The researchers found that spice shipments from certain countries had a higher rate of Salmonella contamination than others. For instance, of 136 shipments from Mexico sampled as part of the study, 19, or 14%, were found to be contaminated with Salmonella. This was the highest rate of contamination based on country of origin in the study. The second-highest rate for Salmonella contamination was for samples of spices offered for entry to the United States from India. Of the 1,057 spice import shipments from India sampled during the study, 92, or 9%, were found to be contaminated with Salmonella. In contrast, only one Canadian spice shipment in 110 sampled, or 0.9%, was found to be contaminated with Salmonella.

The researchers noted more than 80% of the spices consumed in the United States are imported (spice imports in 2010 aggregated 1.2 billion lbs, according to the U.S. Department of Agriculture). India is the country of origin for about 40% of all U.S. spice imports, making the study’s findings about prevalence of Salmonella contamination in shipments from India particularly problematic.

The study assertions were contested by some spice exporters. K.C. Babu, director of marketing with the Indian government’s Spices Board, asserted “stringent” quality controls were in place in India regarding export of spices and it was found that 98.5% of the consignments sent to the United States were free of Salmonella.

The F.D.A. scientists said future research “should focus on understanding the differences in Salmonella prevalence among imported spice shipments to aid in the development of appropriate risk management strategies.” They also suggested data should be collected to determine the prevalence of Salmonella in spices at retail.

“These data will provide direct information on the safety of spices consumed and the efficacy of post-import risk management practices currently employed by the spice and food industries and regulatory agencies,” they said.

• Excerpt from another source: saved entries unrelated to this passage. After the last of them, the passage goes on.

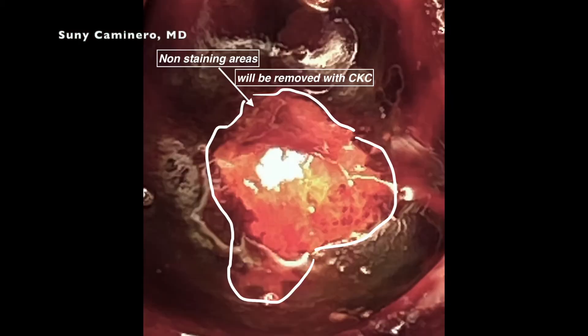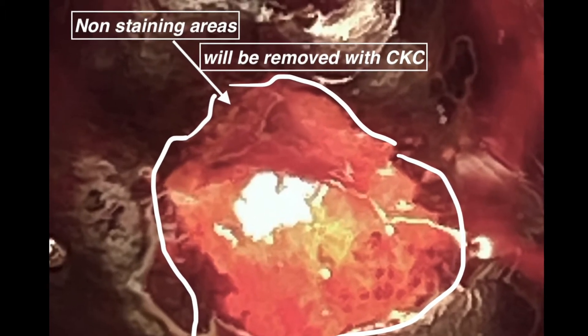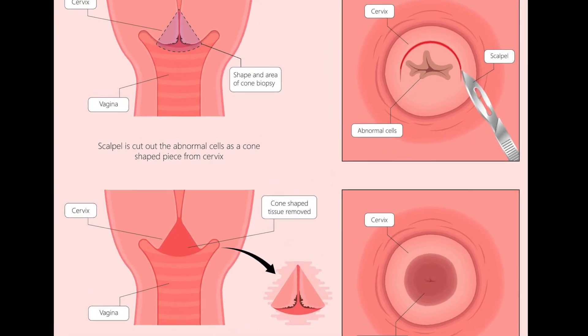There you see the non-staining portion, and that is the portion that's going to be removed and sent to the pathologist to read under the microscope to see if there are any cancer cells.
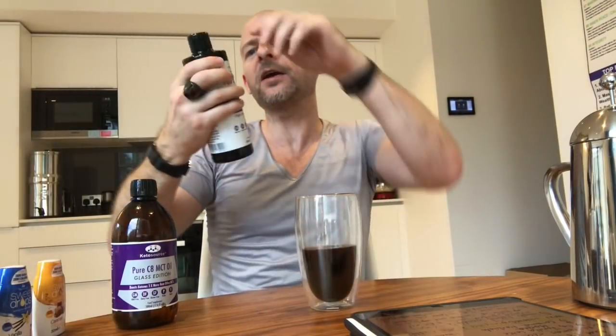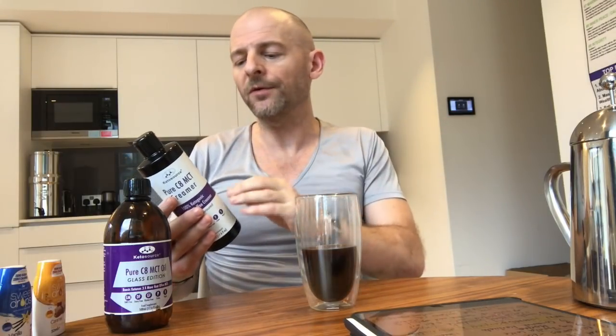Now in comparison, we have here the Pure C8 MCT Creamer. There are basically three main ingredients, all natural. We have the Pure C8 MCT oil — exactly the same one as the original product — so it has all the same properties. Then we have purified water; we actually got pharmaceutical-grade water — we didn't need to do that, but we did. And organic acacia fiber. I really like acacia fiber — you'll see it in the ketone bars when they come out as well. It's gut-beneficial, helps a lot of people with gut problems, and promotes the growth of beneficial gut bacteria in the microbiome. It's also completely non-glycemic — it has no impact on your blood sugar, it's completely flat, so it's a great fiber for that.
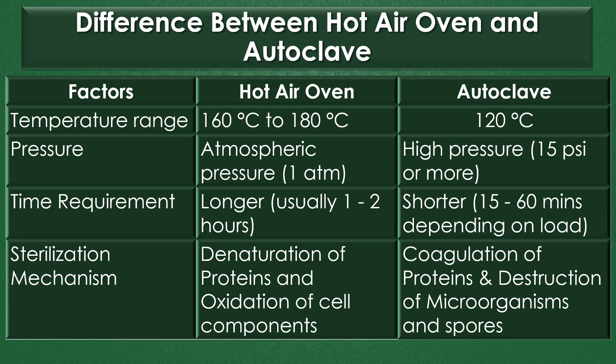Sterilization mechanism: The sterilization mechanism of the hot air oven is denaturation of proteins and oxidation of cell components. The sterilization mechanism of autoclave is coagulation of proteins and destruction of microorganisms and spores.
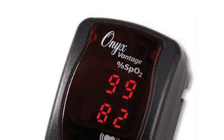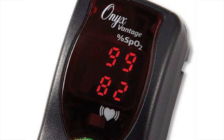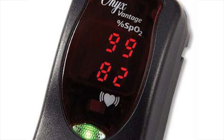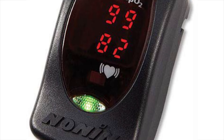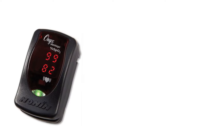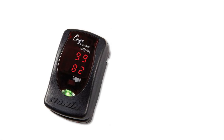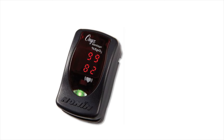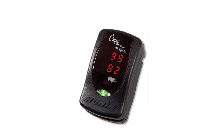Additionally, it claims to work well with all skin tones, including patients with poor circulation and those wearing fingernail polish. However, studies have found that pulse oximeters can sometimes overestimate oxygen levels, especially in very sick patients and those with darker skin tones. This highlights the importance of using pulse oximeters as a tool for monitoring oxygen levels rather than relying solely on their readings, especially in critical medical situations.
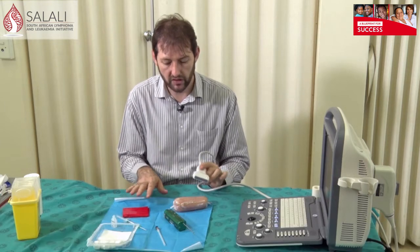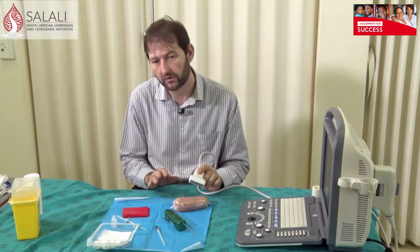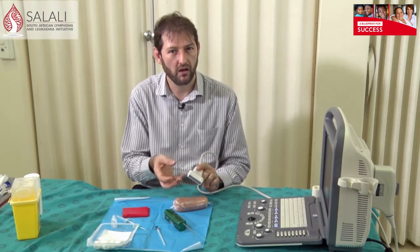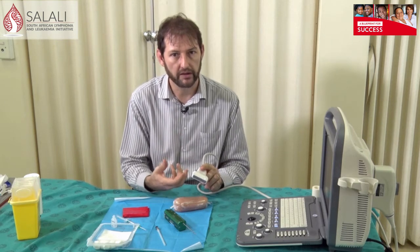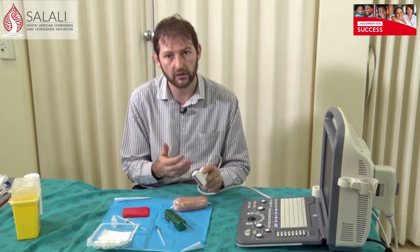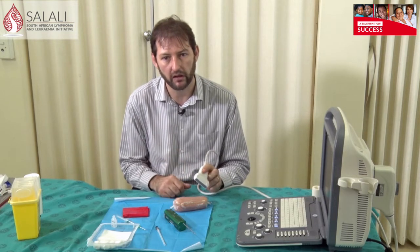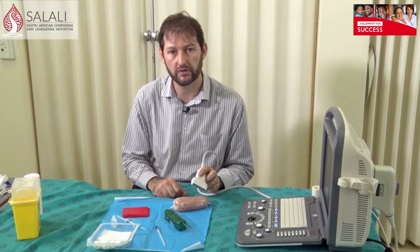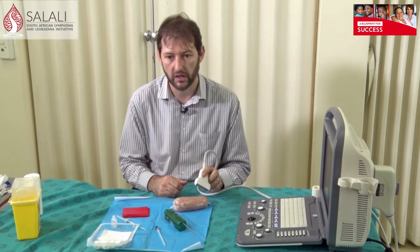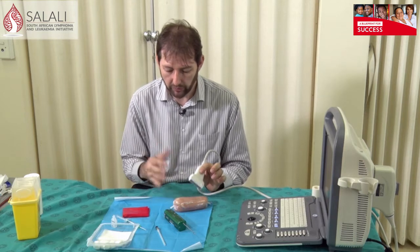I'm going to show you the setup for doing an ultrasound guided biopsy. Tell your patient what you're going to do and get informed consent beforehand. I start by laying out the tray — I use the dressing tray, which is what's available. You can get ultrasound covers for your probe to keep it sterile and to keep blood out of the grooves, so I would recommend using some kind of cover for your ultrasound machine to make it safer for your patients.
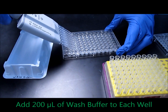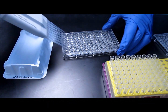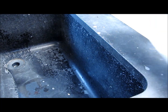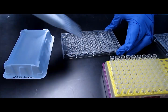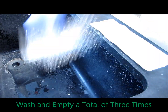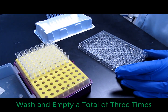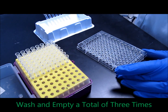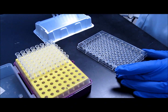200 microliters should be more than sufficient to fill up the plate. Once you're done pipetting, give the plate a gentle tap to make sure everything's mixed. Then repeat the emptying step, and repeat filling and emptying. You're going to do this a total of three times to make sure you've removed any residual capture antibody from the well. This process of washing and emptying is going to be repeated throughout the ELISA process.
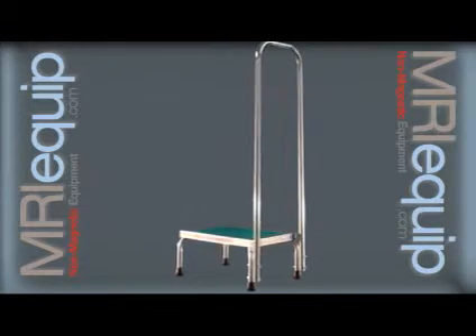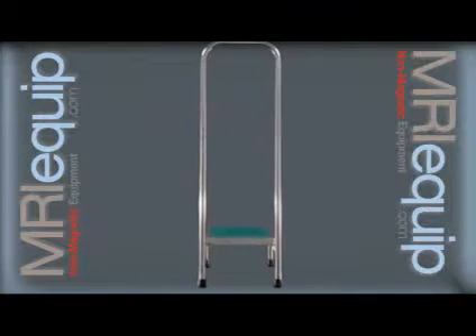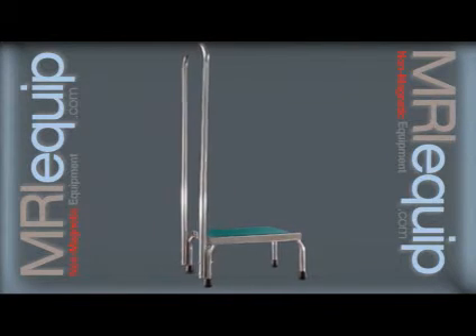Perfect for helping patients get on and off your MRI bed, your patients will thank you for the extra step and you'll be thanking yourself for the extra help as well. This stool has a 16 by 12 inch base with an 8 and a half inch step height.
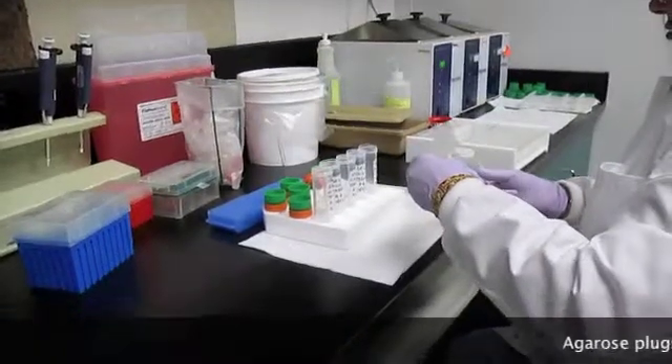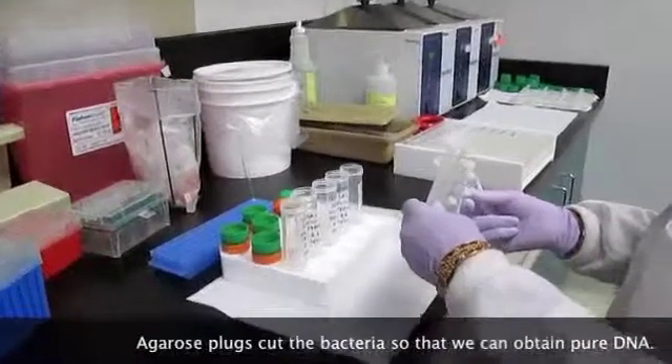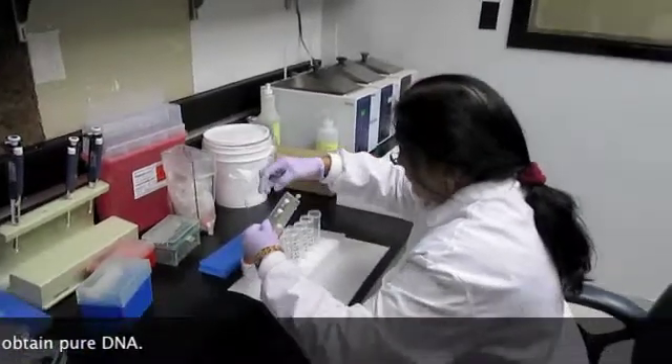Rita is making agarose plugs for the bacteria. These plugs cut the bacteria so that all that is left is the DNA. After Rita has obtained pure DNA, she will cut the DNA into smaller pieces. These small pieces of DNA are called fragments.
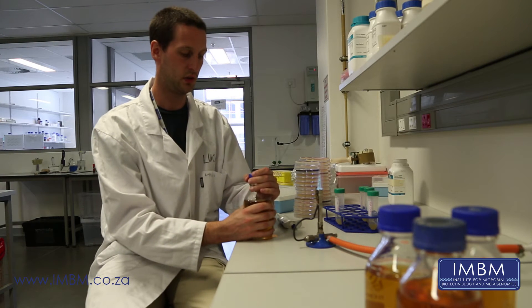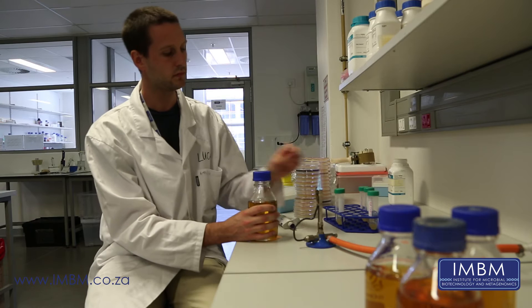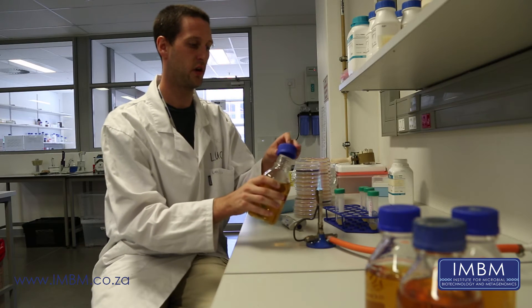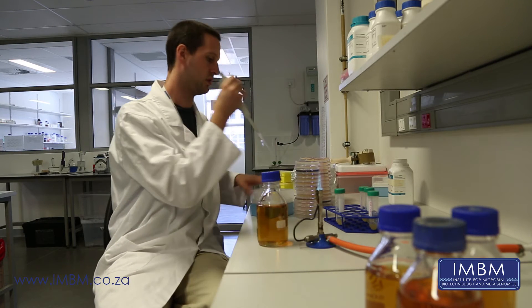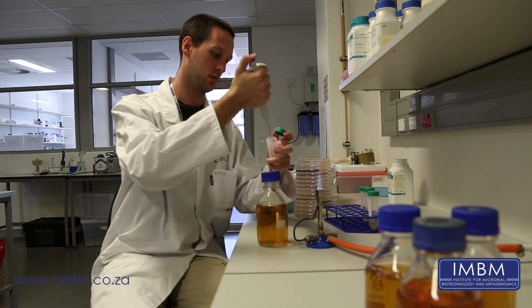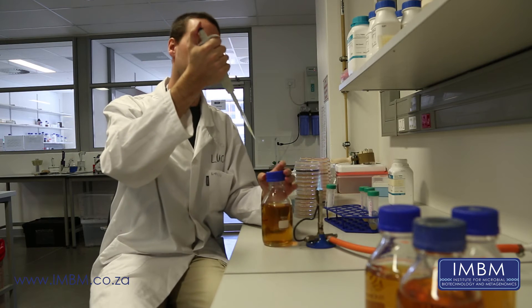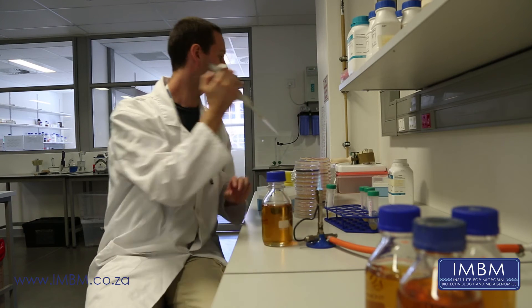First thing to do is add the bacteria. The first bacteria I'm going to work with is E.coli, and that is diluted one in a thousand into the media. Open your bottle, make sure it's sterile. Take a pipette, take your culture of E.coli, sterilize that. Take 500 microlitres of culture and add that to the agar.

“Finally, methods development should focus on ways to negate or ameliorate the effects of antimicrobial compounds found in spices, without having to resort to dilution, so that method sensitivity can be improved,” they said.

The authors noted their study was “part of larger effort by the F.D.A. to conduct spice safety research to assess the salmonellosis public health risk posed by spice consumption in the United States and to assist the agency in identifying options to mitigate the risk.”